[Stored dataset items]
..............................
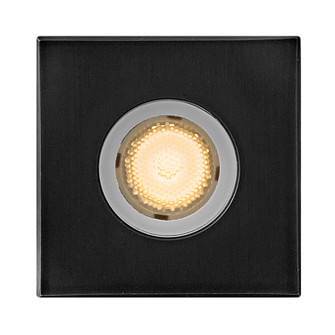 Sparta - Dot LED Button Light in Stainless Steel Black (13|15084SSB)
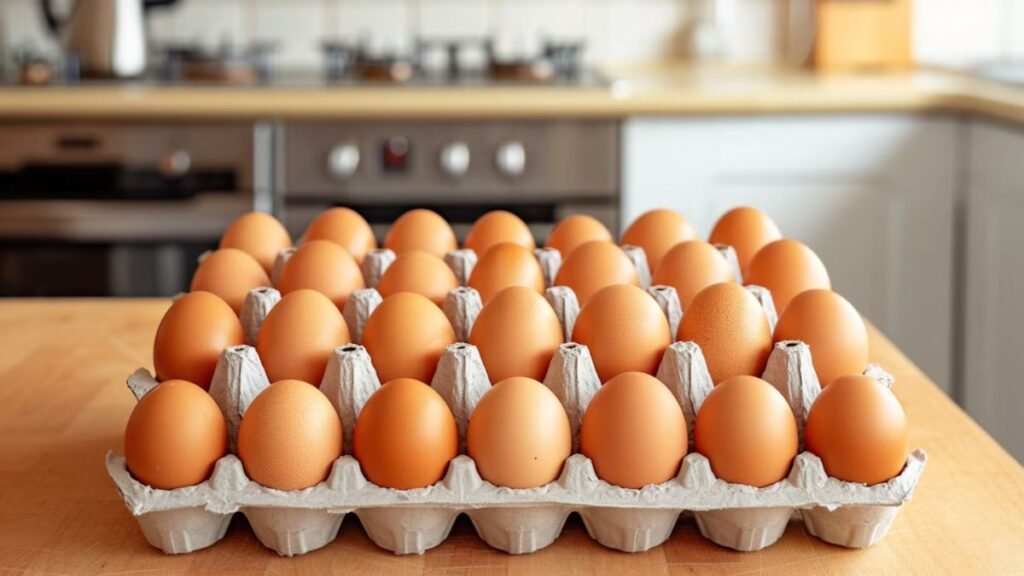 Cáscaras de huevo: el aliado ecológico para limpiar y cuidar el hogar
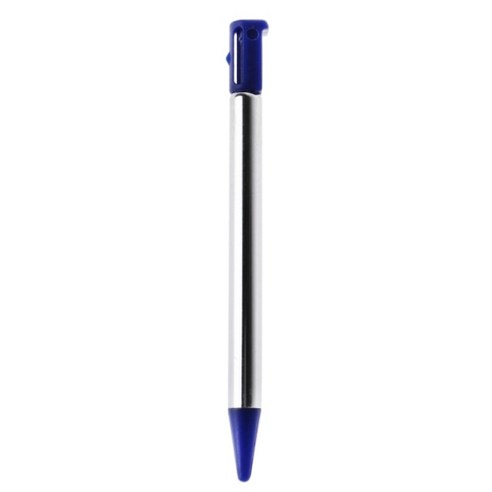 Sunlink 닌텐도 3DS DS 확장 가능한 스타일러스 터치 펜, 1개, Blue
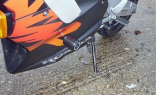 Боковые слайдеры R&G Racing для Honda NSR125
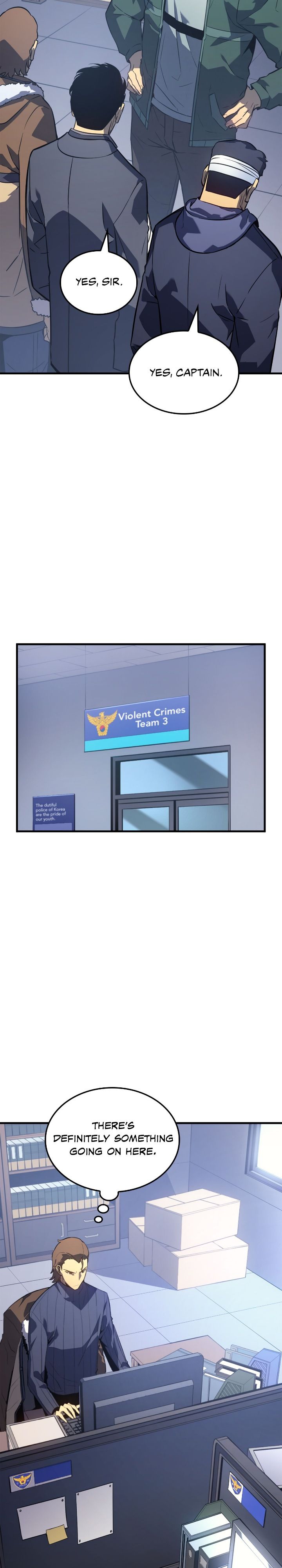 Solo Leveling Chap 180 - Next Chap 181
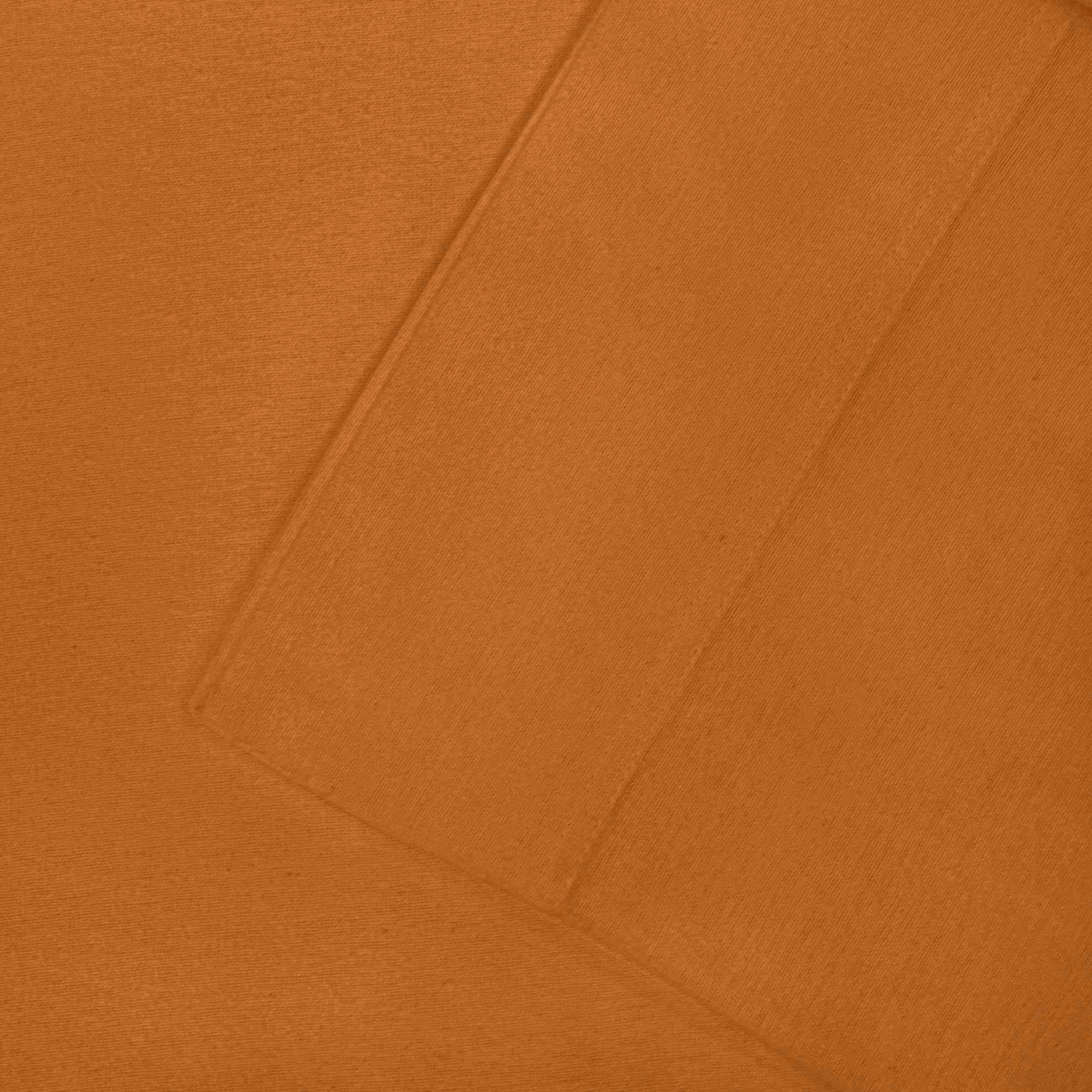 Cotton Flannel Trellis Traditional Solid Deep Pocket Bed Sheet Set - Image 19
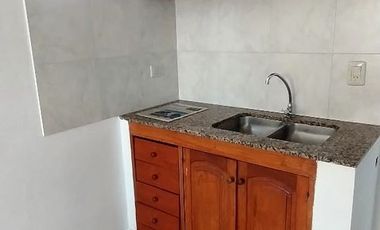DEPARTAMENTO DE 1 DORMITORIO EN ALQUILER SOBRE AV. TAMBOR DE TACUARÍ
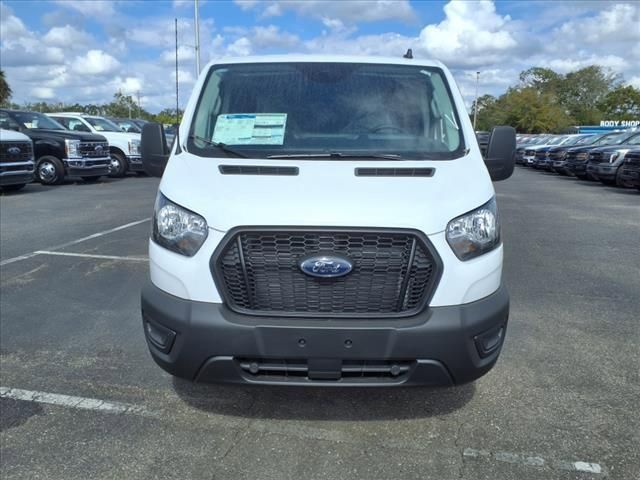 2025 Ford Transit Cargo Van photo 2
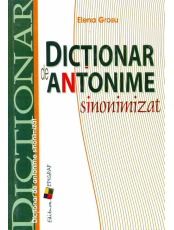 Dictionar de antonime sinonimizat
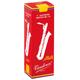 Vandoren Java Red Baritone Saxophone Reeds 2.5 (5 Pack)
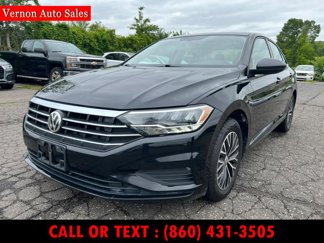 Used 2019 Volkswagen Jetta S image 1
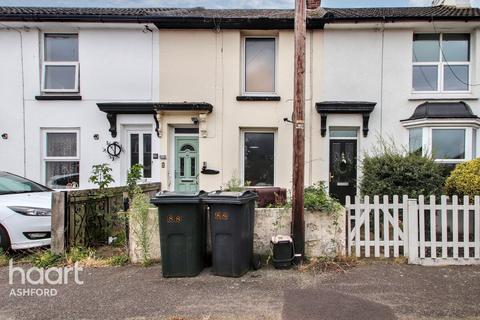 Curtis Road, Ashford 2 bed end of terrace house for sale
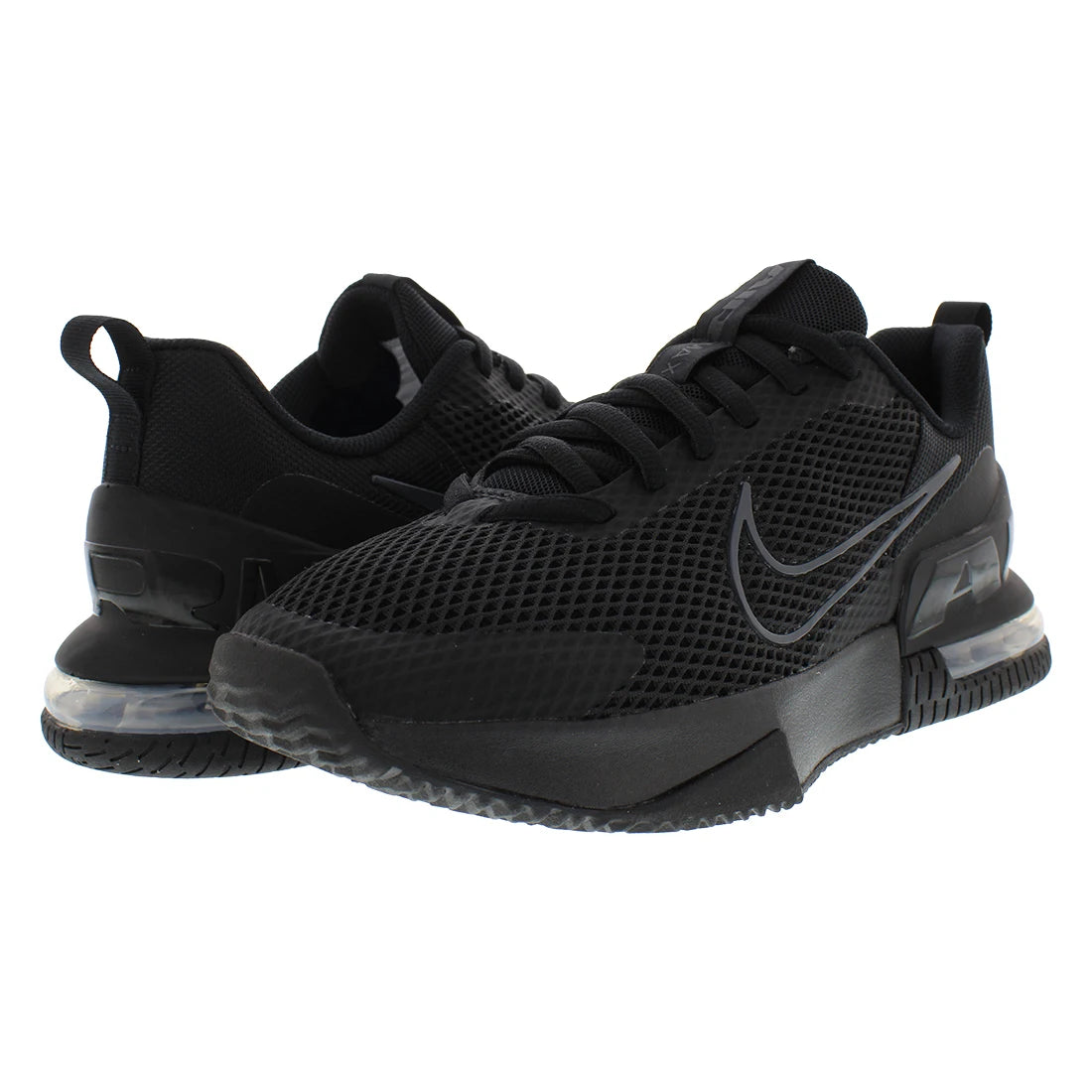 For Men's for Alpha Trainer 6 Fashion Athletic Sneakers High Quality Summer Black/Anthracite/Mesh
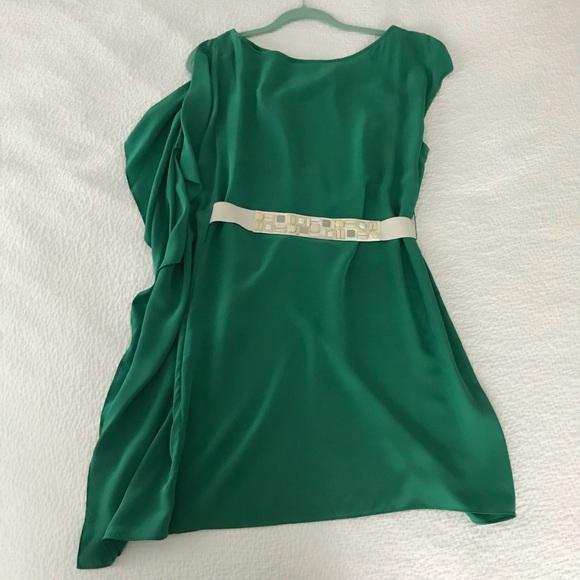 BCBG Max Azria silk dress - Picture 4 of 7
..............................
EXERCISE OBJECTIVE —
From the first line to the last, retype the entries above exactly, minus the pictures.

EXPECTED ANSWER —
 Sparta - Dot LED Button Light in Stainless Steel Black (13|15084SSB)
 Cáscaras de huevo: el aliado ecológico para limpiar y cuidar el hogar
 Sunlink 닌텐도 3DS DS 확장 가능한 스타일러스 터치 펜, 1개, Blue
 Боковые слайдеры R&G Racing для Honda NSR125
 Solo Leveling Chap 180 - Next Chap 181
 Cotton Flannel Trellis Traditional Solid Deep Pocket Bed Sheet Set - Image 19
DEPARTAMENTO DE 1 DORMITORIO EN ALQUILER SOBRE AV. TAMBOR DE TACUARÍ
 2025 Ford Transit Cargo Van photo 2
 Dictionar de antonime sinonimizat
 Vandoren Java Red Baritone Saxophone Reeds 2.5 (5 Pack)
 Used 2019 Volkswagen Jetta S image 1
 Curtis Road, Ashford 2 bed end of terrace house for sale
 For Men's for Alpha Trainer 6 Fashion Athletic Sneakers High Quality Summer Black/Anthracite/Mesh
 BCBG Max Azria silk dress - Picture 4 of 7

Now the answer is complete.